According to the federal complaint, Countrywide executives were aware of the fraud. A quality review in January 2008 showed that 57 percent of Hustle loans went into default, but top management buried the review.
The federal complaint also charged that Bank of America is refusing to buy back mortgages “even where the loans admittedly contained material defects or even fraudulent misrepresentations.”
Bank of America denied all charges. It struck a defiant tone, declaring, “At some point Bank of America can’t be expected to compensate every entity that claims losses that actually were caused by the economic downturn.”
The bank has good reason to be confident it will suffer no major consequences as a result of the Justice Department suit. Bharara said he would seek restitution and damages of “over $1 billion,” an amount that can be handled with relative ease by an institution with more than $2 trillion in assets and over $115 billion in revenues.
More importantly, the Obama administration in this latest suit has continued its practice of refusing to lodge criminal charges against those whose illegal actions helped trigger the 2008 financial meltdown and global economic crisis. As with previous suits filed against Wall Street banks by various government agencies, the Justice Department complaint against Bank of America does not name a single official of either Countrywide or the bank itself.
The White House may very well have pushed for this suit to be filed two weeks before the November 6 election to boost its absurd pretensions to be taking Wall Street to task. It is the third federal action against a major bank announced this month, following civil suits against JPMorgan Chase and Wells Fargo.
But the record speaks for itself. Not a single high-level banker has been prosecuted, let alone jailed, since the Wall Street crash of September 2008. Not one major civil case has actually been brought to trial. Instead, the government has allowed the culprit banks to work out settlements in which they paid token fines and admitted no wrongdoing.
The former head of Countrywide, Anthony Mozilo, was let off by the Securities and Exchange Commission with a fine of $67.5 million and no admission of guilt in October of 2010. The following year, the Justice Department quietly dropped its criminal probe of Mozilo.

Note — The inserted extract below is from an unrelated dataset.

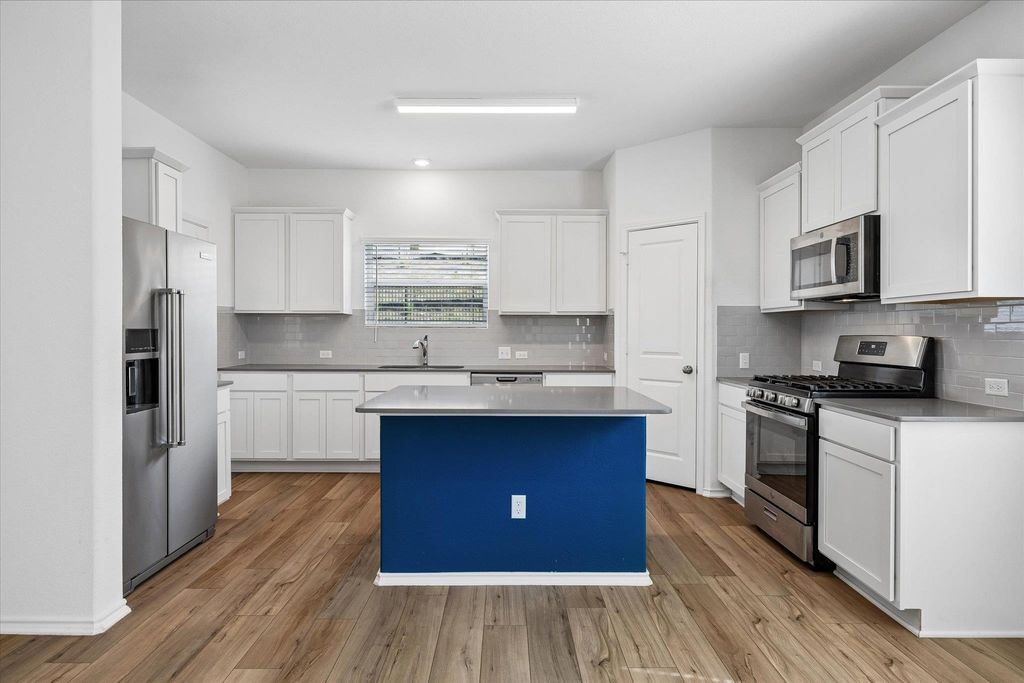 8008 Purple Aster PASS, Lago Vista, TX 78645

Last month, Bank of America agreed to pay $2.48 billion to settle claims it misled investors about its acquisition of Merrill Lynch at the height of the financial crisis in late 2008. In February of this year, the government allowed the bank to settle fraud allegations involving Federal Housing Administration loans for $1 billion, also without admitting wrongdoing.
In the statement he issued Wednesday, Bharara boasted that over the past 18 months his office has settled lawsuits concerning mortgage fraud on a similar basis with CitiMortgage, Flagstar Bank and Deutsche Bank. Noting that he has pending lawsuits against Wells Fargo and Allied Home Mortgage, Bharara made a point of associating his actions with the Financial Fraud Enforcement Task Force announced by Obama last January.

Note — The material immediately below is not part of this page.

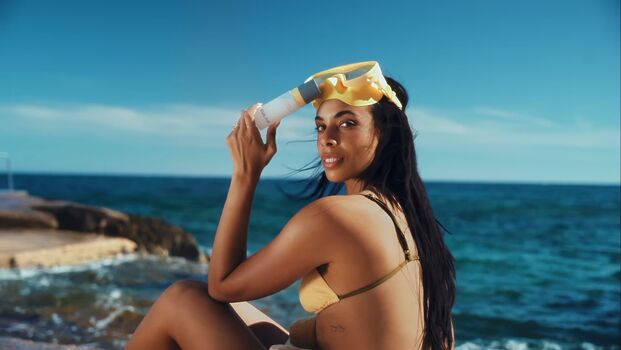 Rochelle Humes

Obama’s task force is a fraud, intended to obscure his administration’s systematic shielding of financial criminals whose avarice and criminality have produced incalculable levels of suffering and social distress not only in the US, but around the world. Meanwhile, as is well known on Wall Street and in Washington, the same types of fraud and swindling that triggered the crisis more than four years ago continue unabated today.